# T8



## shiver905 (Mar 4, 2009)

Hey


I was wondering the thoughts on T8 lighting from home hardware.

I think its 6700k bulbs there also,,

Does it make a difference - T5 to T8?

Its for a 75G planted (aquascapish thank)


----------



## Seattle_Aquarist (Mar 7, 2008)

Hi shiver905,

I found it easier to approach it this way. First I decided on the types of plants I wanted to grow. This determined if I wanted high, medium, or low light for my tank. Then I chose the bulb type(s) I wanted to utilize. I did a lot of reading in the "sticky" area of this forum. The things I considered were "K" ratings, wattage, and length/dimensions. Then I chose my fixture.

I ended up doing a DIY fixture with very good reflectors and power compact florescent bulbs from AH Supply. http://www.ahsupply.com/ I called and talked with Kim prior to purchasing. He was very helpful, asked me a lot of questions I hadn't thought about, and helped me with my choice. I found that doing some upfront research has made planted tanks much easier for me.


----------



## Zapins (Jul 28, 2004)

T5 HO and T8 bulbs are on completely different levels in terms of light intensity.

T5 bulbs are far brighter than T8 bulbs and there is much less restrike light, which means more of the bulb's light gets into the tank where plants use it. 

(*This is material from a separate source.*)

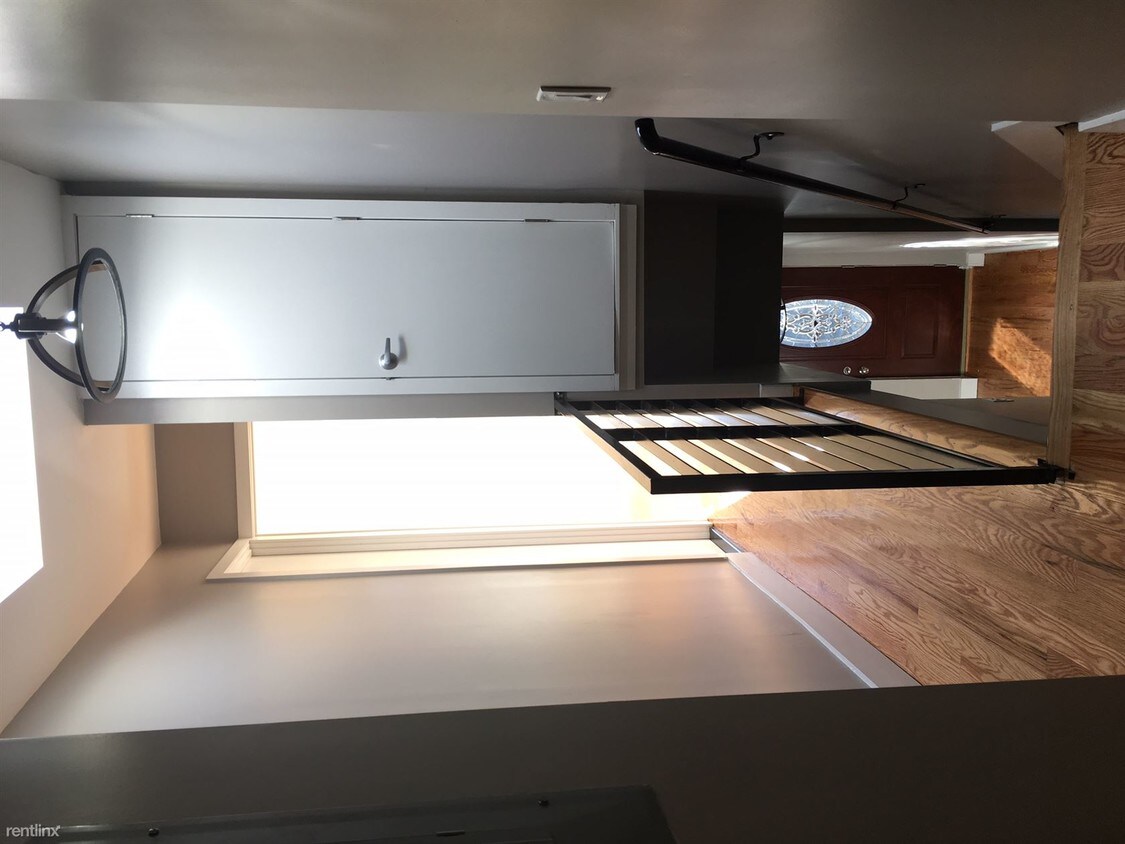 Foto principal - 127 Hart St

Ahsupply.com is a great site, and I agree with Seattle_Aquarist, the people who run the company are very helpful and their products are wonderful.


----------



## shiver905 (Mar 4, 2009)

Thanks!

i was thinking of DIY but by handyman skills are horrible, I still think double sided tape is the solution to everything from hanging a picture up to a heart attack.


----------



## Muirner (Jan 9, 2007)

no offense then you may just want to look into a complete fixture.  If new is too expensive (like it is for me) then i'd suggest looking at tri city tropicals as they refurb lights and have a great review.


----------